In [2]:
from langchain.document_loaders import GitLoader

loader = GitLoader(
    clone_url="https://github.com/rudrajikadra/Movie-Recommendation-System-Using-Python-and-Pandas.git",
    repo_path="./Movie",
    branch="master",
    file_filter=lambda file_path: file_path.endswith(".py")  # optional
)
docs = loader.load()


In [4]:
import os

def load_repo_texts(repo_path):
    texts = []
    for root, dirs, files in os.walk(repo_path):
        for file in files:
            if file.endswith(('.py', '.js', '.ts', '.md', '.html', '.json')):  # filter as needed
                filepath = os.path.join(root, file)
                with open(filepath, 'r', encoding='utf-8') as f:
                    texts.append(f.read())
    return texts

repo_texts = load_repo_texts('./Movie')

# Then chunk, embed, and store in FAISS or your RAG vector DB.


In [8]:
import os
from pathlib import Path

from langchain_community.document_loaders import GitLoader
from langchain.text_splitter import CharacterTextSplitter
from langchain.embeddings import OllamaEmbeddings   # or replace with your favorite
from langchain.vectorstores import FAISS

def build_rag_index(
    repo_url: str,
    local_path: str = "./repos",
    branch: str = "master",
    index_path: str = "./faiss_index",
    chunk_size: int = 1000,
    chunk_overlap: int = 200,
):
    # 1️⃣ Clone & load all files as Documents (adds file_path metadata)
    loader = GitLoader(
    clone_url=repo_url,
    repo_path=os.path.join(local_path, Path(repo_url).stem),
    branch=branch,
    file_filter=lambda f: True  # ← TEMP: load all files
)

    docs = loader.load()
    print(f"🗂️  Loaded {len(docs)} source files from {repo_url}")

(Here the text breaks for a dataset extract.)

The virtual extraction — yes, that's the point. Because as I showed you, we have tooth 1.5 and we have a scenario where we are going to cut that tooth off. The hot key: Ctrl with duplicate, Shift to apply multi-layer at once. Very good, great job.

    # 2️⃣ Chunk long files for better retrieval granularity
    splitter = CharacterTextSplitter(
        chunk_size=chunk_size,
        chunk_overlap=chunk_overlap,
        length_function=len
    )
    chunks = splitter.split_documents(docs)
    print(f"✂️  Split into {len(chunks)} chunks (size={chunk_size}, overlap={chunk_overlap})")

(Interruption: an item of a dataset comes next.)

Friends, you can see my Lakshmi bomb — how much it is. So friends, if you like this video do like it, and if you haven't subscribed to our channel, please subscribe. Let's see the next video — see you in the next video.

    # 3️⃣ Create embeddings
    embedder = OllamaEmbeddings(model="mxbai-embed-large")  
    # — or replace with: 
    # from langchain.embeddings import HuggingFaceEmbeddings
    # embedder = HuggingFaceEmbeddings(model_name="all-mpnet-base-v2")

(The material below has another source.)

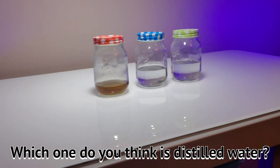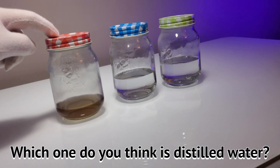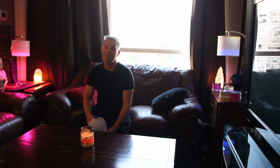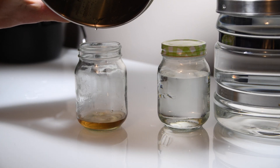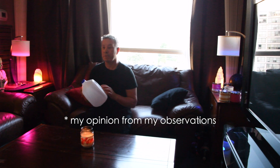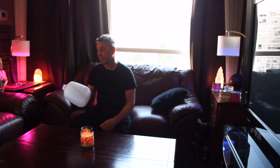Which one do you think is distilled water — jar number one, jar number two, or jar number three? Or would it be all three? This video is about distilling water and a water distiller. I bought eight plastic jugs full of distilled water, a gallon or four liters each. I did eight distills, filmed every part of it, and collected residue from the boiling pot after each distill once it cooled down. The purpose of this video is to show that plastics seep into the water even if it's distilled water — so if there's anything left at the end of the collection, that must be from the plastic.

    # 4️⃣ Build FAISS index (automatically embeds and stores metadata)
    vectorstore = FAISS.from_documents(chunks, embedding=embedder)
    vectorstore.save_local(index_path)
    print(f"✅ FAISS index saved to: {index_path}")

if __name__ == "__main__":
    build_rag_index(
        repo_url="https://github.com/rudrajikadra/Movie-Recommendation-System-Using-Python-and-Pandas.git",
        local_path="./repos",
        branch="master",
        index_path="./faiss_index/movies",
        chunk_size=800,
        chunk_overlap=100,
    )


🗂️  Loaded 6 source files from https://github.com/rudrajikadra/Movie-Recommendation-System-Using-Python-and-Pandas.git
✂️  Split into 6 chunks (size=800, overlap=100)
✅ FAISS index saved to: ./faiss_index/movies


In [10]:
from langchain.vectorstores import FAISS
from langchain.embeddings import OllamaEmbeddings

embedder = OllamaEmbeddings(model="mxbai-embed-large")
vectorstore = FAISS.load_local(
    "./faiss_index/movies",
    embeddings=embedder,
    allow_dangerous_deserialization=True
)


In [11]:
retriever = vectorstore.as_retriever(search_type="similarity", k=5)


In [None]:
question = "How are books recommended in this project?"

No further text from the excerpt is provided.